From a user’s perspective, he added, this encryption gives Gmail an advantage over third-party email programs like Outlook and Thunderbird, which won’t automatically decrypt messages that have been encrypted using Google’s encryption mechanism. Unlike some encryption methods, Gmail doesn’t require the exchange of a key in advance, so users will be more likely to use it.
However, he pointed out, Google’s client-side encryption doesn’t encrypt headers or message senders, so an attacker with access to the device can still get some potentially sensitive information even with encryption enabled.
“If you’re planning to use Gmail to commit financial crimes or plan a revolution,” he added, “you should know that Google controls the display and often the keyboard on devices they build. Even if emails are encrypted on device, your messages may still be available while being read or composed.”

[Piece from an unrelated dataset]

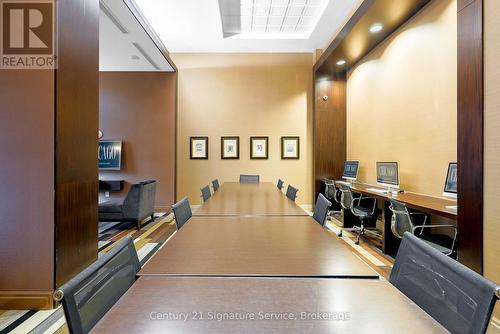 2001 - 385 Prince Of Wales Drive, Mississauga, ON - Indoor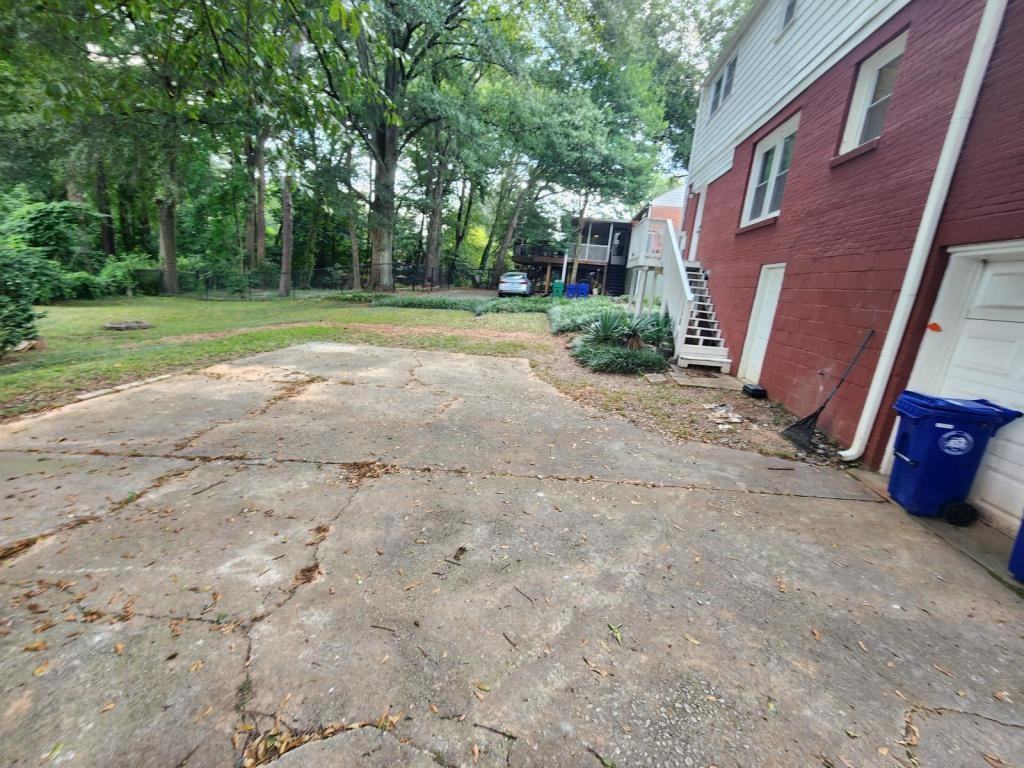 2431 North Decatur Road - Photo 4 of 34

And while end-to-end encryption (E2EE) is considered by experts to be an excellent protection against the hijacking of data in transit, it won’t protect data on compromised devices, stolen and hacked devices, or in unencrypted backups.
David Shipley, CEO of security awareness provider Beauceron Security, noted the extension of Gmail end to end encryption to mobile platforms will help organizations ensure compliance with privacy concerns. “On the downside,” he added, “this is going to be a powerful tool for criminals. If they spin up a Google Workspace tenant and send encrypted messages to end users who aren’t on Gmail, in those cases, users will get a link to a new portal to read the sent message which will not be intercepted by a lot of security tools like email filters.”